Page MenuHome GnuPG

Kleopatra hangs "Loading certificate cache" on Windows 10
Open, HighPublic

Description

This is probably related to T4581 and T5760, but I didn't want to hijack those. I also tried the workaround from T5758 -- not setting a reader-port, but to no avail. The only thing that works for me is to kill Kleopatra, which in turn seems to kill the process tree and then upon a second run I often get the certificates loaded quickly. However, sometimes it takes a few tries until it works.

Is there a way to help out with this? I am a developer, I can attach a debugger (in fact I tried), but of course I have no matching debug symbols. Another issue was that the single thread in gpg-connect-agent.exe, the process that seems to hang, is stuck in some kernel call to a synchronization object. You can see it with Process Explorer, but with WinDbg you'd have to establish a kernel debugger connection to get behind what's going on.

I checked and it does not look like it is the loader lock, although I cannot rule it out a 100% at this point. The thread stack looks like this:

ntoskrnl.exe!KeSynchronizeExecution+0x6c56
ntoskrnl.exe!KeWaitForSingleObject+0x1460
ntoskrnl.exe!KeWaitForSingleObject+0x98f
ntoskrnl.exe!KeWaitForSingleObject+0x233
ntoskrnl.exe!RtlFindClearBitsAndSetEx+0xc7d
ntoskrnl.exe!KiCheckForKernelApcDelivery+0x401
ntoskrnl.exe!KeWaitForSingleObject+0x1787
ntoskrnl.exe!KeWaitForSingleObject+0x98f
ntoskrnl.exe!KeWaitForSingleObject+0x233
ntoskrnl.exe!ObWaitForSingleObject+0x91
ntoskrnl.exe!NtWaitForSingleObject+0x6a
ntoskrnl.exe!_setjmpex+0x82b5
wow64cpu.dll!TurboDispatchJumpAddressEnd+0x544
wow64cpu.dll!TurboDispatchJumpAddressEnd+0x3a5
wow64cpu.dll!BTCpuSimulate+0x9
wow64.dll!Wow64KiUserCallbackDispatcher+0x4b9
wow64.dll!Wow64LdrpInitialize+0x12d
ntdll.dll!LdrInitShimEngineDynamic+0x31f1
ntdll.dll!LdrInitializeThunk+0x1db
ntdll.dll!LdrInitializeThunk+0x63
ntdll.dll!LdrInitializeThunk+0xe
0x0000000000000000

The command executed shows as "C:\Program Files (x86)\GnuPG\bin\gpg-connect-agent.exe" NOP.

Sometimes, however, there is a gpg-agent.exe as child process of gpg-connect-agent.exe and sometimes subsequently scdaemon.exe as a child process of that.

When this occurs, there are two threads inside scdaemon.exe and there are no observable context switches within one thread in "Wait:Executive" (right inside libnpth-0.dll!npth_setname_np+0x59) state and the other in Wait:UserRequest state.
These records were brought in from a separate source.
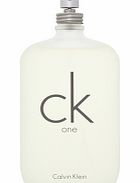 CK One Eau de toilette 300ml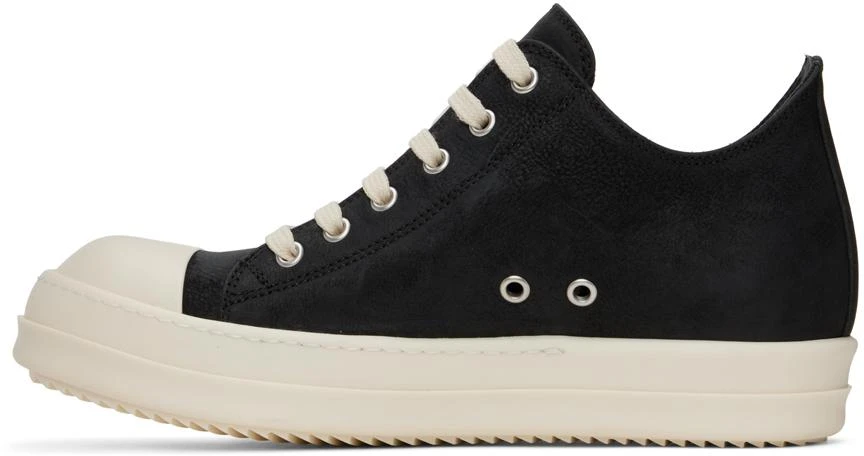 商品Rick Owens|Black Low Sneakers,价格¥6948,第3张图片详细描述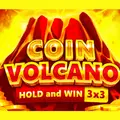 Coin Volcano by 3 Oaks logo.
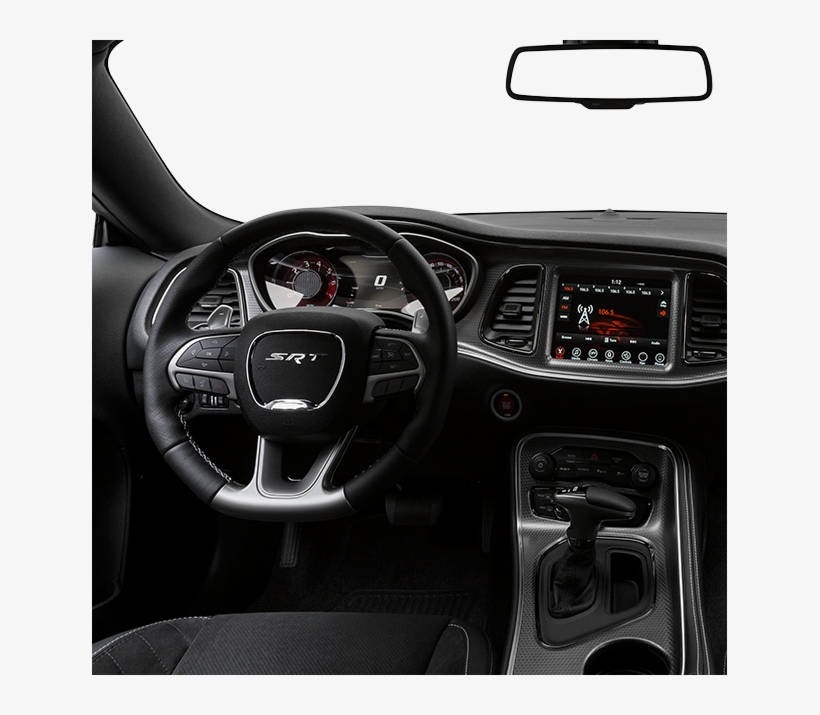 What Was Updated In The 2017 Dodge Challenger - Steering Wheel, transparent png download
The latter appears to have some activity for it occasionally spends CPU cycles according to the kernel (or Process Explorer). Unfortunately I cannot tell which synchronization object could be the culprit.

I have no smartcards attached on that machine. Or lets put it this way: none I am aware of. If you have a suggestion how to list whatever GPG might consider to be a smartcard, please let me know.
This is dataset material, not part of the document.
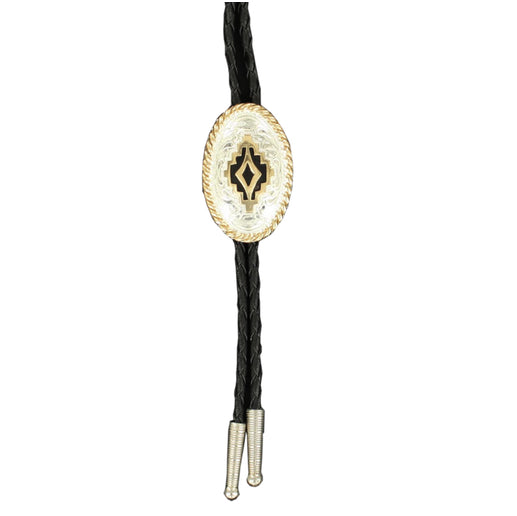 Crumrine Aztec Western Bolo Tie C10851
It's an up-to-date Windows 10 (10.0.19045 Build 19045) inside VMware, which in turn runs on Ubuntu 20.04. However, I also have this with a bare-metal installation of Windows, e.g. on my work machine. There I do have a software protection dongle from Feitian as well as a FIDO2 key from Feitian attached. AFAIK these both work via HID (meaning without extra driver involved), though.

While it hangs, I can run gpg -K, gpgsm -K (also with -k, respectively). The first one returns the key lists immediately and as expected, the latter returns immediately without output. However, Kleopatra can hang for hours on end (in the first screenshot I remark on this).

$ gpg --version
gpg (GnuPG) 2.4.3
libgcrypt 1.10.2
Copyright (C) 2023 g10 Code GmbH
License GNU GPL-3.0-or-later <https://gnu.org/licenses/gpl.html>
This is free software: you are free to change and redistribute it.
There is NO WARRANTY, to the extent permitted by law.
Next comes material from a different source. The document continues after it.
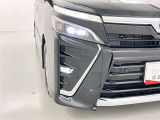 フォグランプ装着車です。暗い夜道の車両前方を明るく照らします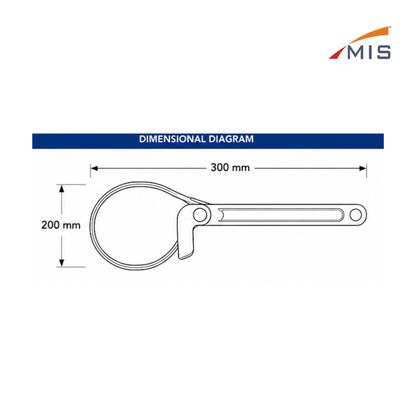 STRAP FILTER WRENCH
Home: C:\Users\Oliver\AppData\Roaming\gnupg
Supported algorithms:
Pubkey: RSA, ELG, DSA, ECDH, ECDSA, EDDSA
Cipher: IDEA, 3DES, CAST5, BLOWFISH, AES, AES192, AES256, TWOFISH,
        CAMELLIA128, CAMELLIA192, CAMELLIA256
Hash: SHA1, RIPEMD160, SHA256, SHA384, SHA512, SHA224
Compression: Uncompressed, ZIP, ZLIB, BZIP2

PS: Another thing I have noticed is that the setting for the smart card reader _appears_ to revert to "Default Reader" after setting it to the other one and leaving the field empty, hitting Apply. I have not yet found a reason for this behavior, could as well be a case of PEBKAC on my part.
PPS: I'll also be happy to provide a Process Monitor capture, if you think it could help. However, please point me to your public key(s), so I can encrypt it before uploading.

Details

Version
Gpg4win-4.2.0

Event Timeline

assarbad created this object in space S1 Public.

The setting which I understood to be the workaround:

aheinecke added a subscriber: aheinecke.

I also see this from time to time, mostly when the keyring is empty or very small. But never was able to reproduce it. I thought this might be fixed with keyboxd but if you say that scdaemon might be the culprit then I might misunderstood the issue and it is not the keyring loading that is stuck but maybe rather our configuration initialization which queries the config of each component and is also part of the "Loading certificate cache.."

How reliable are you to reproduce this? It would be great if we had a setup where we could reproduce this internally.

werner do you have any idea based on the information from the original report where we could start looking for this?

I also see this from time to time, mostly when the keyring is empty or very small. But never was able to reproduce it. I thought this might be fixed with keyboxd but if you say that scdaemon might be the culprit then I might misunderstood the issue and it is not the keyring loading that is stuck but maybe rather our configuration initialization which queries the config of each component and is also part of the "Loading certificate cache.."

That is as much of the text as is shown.